MENJAGA KEMILAU MUTIARA LOMBOK

"Silakan pilih, yang kecil manis, yang sedang cantik, atau yang besar indah," kata seorang penjaga toko perhiasan di sentra perhiasan emas dan mutiara di Kampung Sekarbela, Mataram, Nusa Tenggara Barat, ketika menjajakan dagangannya kepada  pengunjung.



;      Manis, cantik, dan indah barangkali memang pilihan kosa kata yang pas, karena mutiara-mutiara yang  ditawarkan di sentra perhiasan itu memang berkualitas baik, bulat, tidak cacat dan berkilau.

           Sekarbela merupakan salah satu kampung di Kota Mataram (ibu kota NTB)  seluas  10,32 kilometer persegi. Kampung yang berpenduduk sekitar 40 ribu jiwa ini, separuh lebih penduduknya membuka usaha kerajinan  emas dan mutiara.
      Untuk menjangkau sentra perhiasan emas dan mutiara mutiara ini tidak sulit. Jarak antara Bandara Selaparang ke Sekarbela sekitar tiga kilometer, atau sekitar 10 menit perjalanan dengan mobil. Jalan utama yang membelah Kampung Sekarbela sepanjang 500 meter, di kanan kirinya berjajar toko perhiasan emas dan mutiara.

           Etalase perhiasan emas dan mutiara terlihat jelas saat menyusuri jalan di Sekarbela. Berbagai model dan jenis perhiasan emas serta mutiara ditawarkan. Karena itu, bagi pengunjung yang berminat, banyak sekali pilihan, baik pilihan sesuai selera maupun pilihan sesuai kemampuan keuangan.

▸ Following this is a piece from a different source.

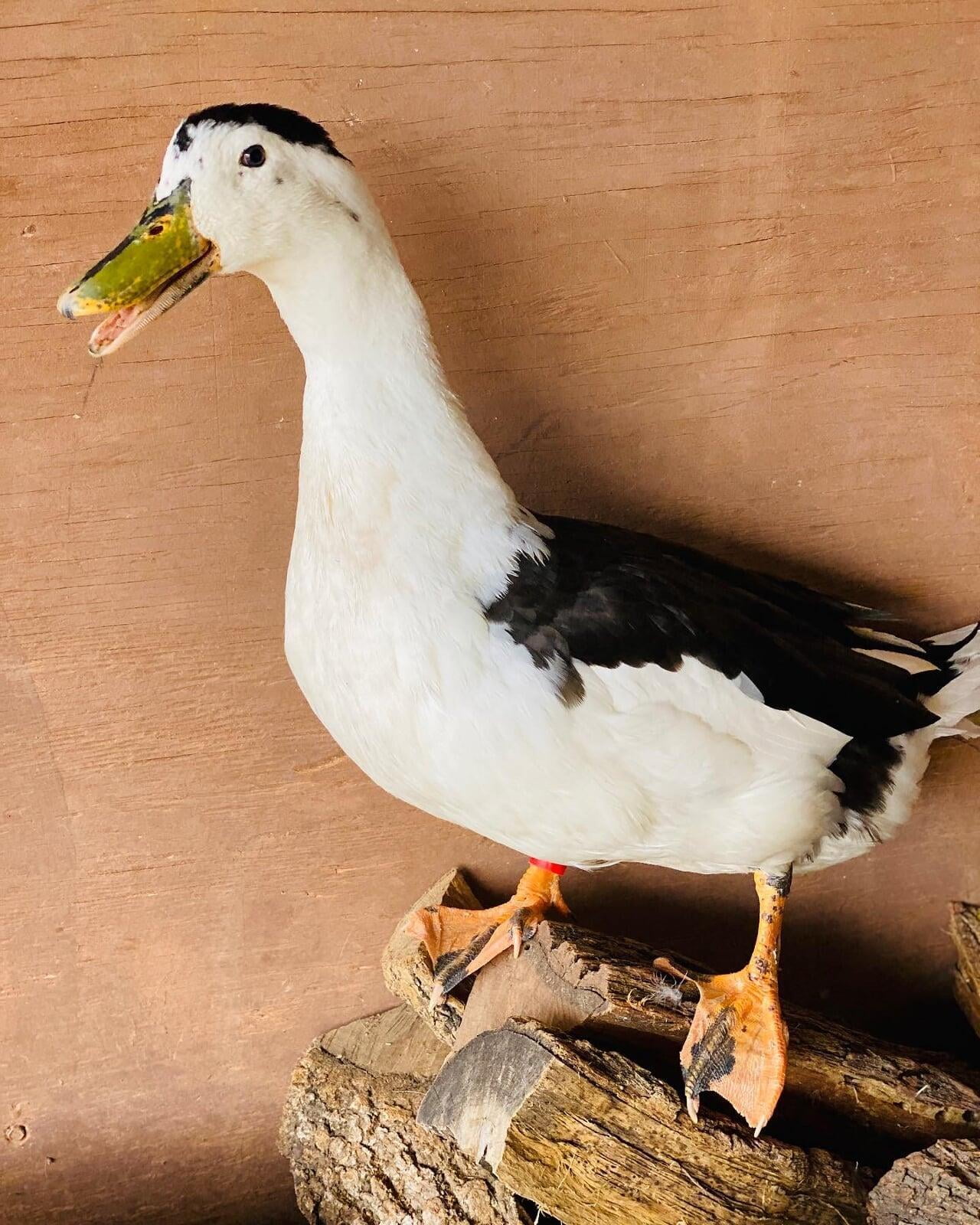 Post Mallard - 2 Years Old (Fall 2022)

            Meski perhiasan berbahan emas yang dominan, namun di sentra kerajinan ini juga menawarkan perhiasan berbahan monel dan perak yang harganya lebih murah. Sedangkan mutiara yang ditawarkan tidak hanya jenis mutiara berkelas, tapi juga ada yang berkualitas sedang dan dibawahnya.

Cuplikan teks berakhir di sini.